Air one’s dirty linen in public
To argue with your partner or family about personal or private issues in front of other people.
“I hate the way Susan and John always air their dirty linen in public!”
Dress to kill
Wearing your best clothes in the hope of impressing people.
“You must be going somewhere special - you’re really dressed to kill!”
At the drop of a hat
To do something spontaneously, without warning and apparently easily.
“She’ll stop what she’s doing and help you at the drop of a hat.”
Bet your boots
To bet everything you have; to strongly believe something will happen.
“You can bet your boots she won’t be home before dinner. When
she goes shopping she stays until the shops all close!”
Get your knickers in a twist
To become worked up, angry or stressed about something.
“Alright alright calm down! Getting your knickers in a twist won’t solve anything.”
Fit like a glove
When something fits you like a glove it suits you very well or is the perfect size.
“I tried on my father’s old coat and it fit me like a glove!”

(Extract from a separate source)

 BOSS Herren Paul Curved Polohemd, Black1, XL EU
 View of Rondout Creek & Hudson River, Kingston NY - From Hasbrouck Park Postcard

To have something up your sleeve
To have a secret advantage or reserve plan which you have not yet revealed.
“That James Bond! You think it’s all going wrong but he’s always got some trick up his sleeve hasn’t he?”
Raining cats and dogs
If it's raining cats and dogs it's raining very heavily.

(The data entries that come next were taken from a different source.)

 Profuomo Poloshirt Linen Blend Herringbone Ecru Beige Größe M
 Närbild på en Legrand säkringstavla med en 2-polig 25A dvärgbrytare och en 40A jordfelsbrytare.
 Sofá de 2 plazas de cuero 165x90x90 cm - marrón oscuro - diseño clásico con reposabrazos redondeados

"We can't go to the park today because it's raining cats and dogs."
Ants in one's pants
People who have ants in their pants are very restless or excited about something.
"I wish he'd relax. He's got ants in his pants about something today!"
Have a bee in one's bonnet
A person who has a bee in their bonnet has an idea which constantly occupies their thoughts.
"She's got a bee in her bonnet about moving to New York."
Kill two birds with one stone.
If you kill two birds with one stone, you succeed in doing two things at the same time.
"By studying on the train on the way home every week-end, Claire kills two birds with one stone."
Like a bear with a sore head
If someone is behaving like a bear with a sore head, they are very irritable and bad-tempered.
"When his team lost the match, Brad was like a bear with a sore head."
Like a bull in a china shop
If someone is behaving like a bull in a china shop they are acting without thinking and without tact, upsetting plans and people.
"I wouldn’t invite him to the party - he’s like a bull in a china shop after a glass of wine!”
Cat's whiskers (also: the cat's pyjamas or the bees’knees)
This expression refers to someone who considers themselves to be better than others in a particular area - beauty, competence, intelligence, sport, etc.
"Ever since she got a promotion, she thinks she's the cat's whiskers!"